What to produce:
Extract the complete listing and output it unchanged.

● ● ● ● ●

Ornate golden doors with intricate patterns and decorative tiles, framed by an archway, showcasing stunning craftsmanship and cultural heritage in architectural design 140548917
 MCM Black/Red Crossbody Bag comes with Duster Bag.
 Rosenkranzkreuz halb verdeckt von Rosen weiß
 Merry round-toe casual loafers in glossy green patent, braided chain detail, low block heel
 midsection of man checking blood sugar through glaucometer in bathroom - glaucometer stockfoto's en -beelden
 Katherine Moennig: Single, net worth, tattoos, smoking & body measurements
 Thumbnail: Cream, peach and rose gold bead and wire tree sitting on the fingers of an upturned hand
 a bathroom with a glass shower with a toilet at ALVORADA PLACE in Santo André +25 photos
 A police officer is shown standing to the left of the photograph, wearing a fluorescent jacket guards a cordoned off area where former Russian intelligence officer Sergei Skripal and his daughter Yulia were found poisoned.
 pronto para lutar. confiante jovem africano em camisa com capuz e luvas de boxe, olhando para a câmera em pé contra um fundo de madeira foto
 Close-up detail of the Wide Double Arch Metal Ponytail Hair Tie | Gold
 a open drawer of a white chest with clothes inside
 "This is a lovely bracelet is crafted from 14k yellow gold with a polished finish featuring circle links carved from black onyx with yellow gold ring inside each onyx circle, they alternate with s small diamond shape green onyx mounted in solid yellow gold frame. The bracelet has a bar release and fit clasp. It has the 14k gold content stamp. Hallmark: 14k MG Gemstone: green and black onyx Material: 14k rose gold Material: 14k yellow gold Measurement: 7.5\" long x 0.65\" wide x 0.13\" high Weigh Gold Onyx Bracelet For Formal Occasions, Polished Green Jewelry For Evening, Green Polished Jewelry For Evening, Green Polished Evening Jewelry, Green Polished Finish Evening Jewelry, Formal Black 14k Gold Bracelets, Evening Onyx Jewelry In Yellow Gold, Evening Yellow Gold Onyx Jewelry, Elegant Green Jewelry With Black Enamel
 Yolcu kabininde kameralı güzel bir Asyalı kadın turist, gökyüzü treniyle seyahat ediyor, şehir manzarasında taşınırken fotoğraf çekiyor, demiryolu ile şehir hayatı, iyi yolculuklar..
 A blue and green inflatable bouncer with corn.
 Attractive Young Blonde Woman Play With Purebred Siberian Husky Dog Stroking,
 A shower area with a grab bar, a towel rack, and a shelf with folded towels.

● ● ● ● ●

Answer section:
Ornate golden doors with intricate patterns and decorative tiles, framed by an archway, showcasing stunning craftsmanship and cultural heritage in architectural design 140548917
 MCM Black/Red Crossbody Bag comes with Duster Bag.
 Rosenkranzkreuz halb verdeckt von Rosen weiß
 Merry round-toe casual loafers in glossy green patent, braided chain detail, low block heel
 midsection of man checking blood sugar through glaucometer in bathroom - glaucometer stockfoto's en -beelden
 Katherine Moennig: Single, net worth, tattoos, smoking & body measurements
 Thumbnail: Cream, peach and rose gold bead and wire tree sitting on the fingers of an upturned hand
 a bathroom with a glass shower with a toilet at ALVORADA PLACE in Santo André +25 photos
 A police officer is shown standing to the left of the photograph, wearing a fluorescent jacket guards a cordoned off area where former Russian intelligence officer Sergei Skripal and his daughter Yulia were found poisoned.
 pronto para lutar. confiante jovem africano em camisa com capuz e luvas de boxe, olhando para a câmera em pé contra um fundo de madeira foto
 Close-up detail of the Wide Double Arch Metal Ponytail Hair Tie | Gold
 a open drawer of a white chest with clothes inside
 "This is a lovely bracelet is crafted from 14k yellow gold with a polished finish featuring circle links carved from black onyx with yellow gold ring inside each onyx circle, they alternate with s small diamond shape green onyx mounted in solid yellow gold frame. The bracelet has a bar release and fit clasp. It has the 14k gold content stamp. Hallmark: 14k MG Gemstone: green and black onyx Material: 14k rose gold Material: 14k yellow gold Measurement: 7.5\" long x 0.65\" wide x 0.13\" high Weigh Gold Onyx Bracelet For Formal Occasions, Polished Green Jewelry For Evening, Green Polished Jewelry For Evening, Green Polished Evening Jewelry, Green Polished Finish Evening Jewelry, Formal Black 14k Gold Bracelets, Evening Onyx Jewelry In Yellow Gold, Evening Yellow Gold Onyx Jewelry, Elegant Green Jewelry With Black Enamel
 Yolcu kabininde kameralı güzel bir Asyalı kadın turist, gökyüzü treniyle seyahat ediyor, şehir manzarasında taşınırken fotoğraf çekiyor, demiryolu ile şehir hayatı, iyi yolculuklar..
 A blue and green inflatable bouncer with corn.
 Attractive Young Blonde Woman Play With Purebred Siberian Husky Dog Stroking,
 A shower area with a grab bar, a towel rack, and a shelf with folded towels.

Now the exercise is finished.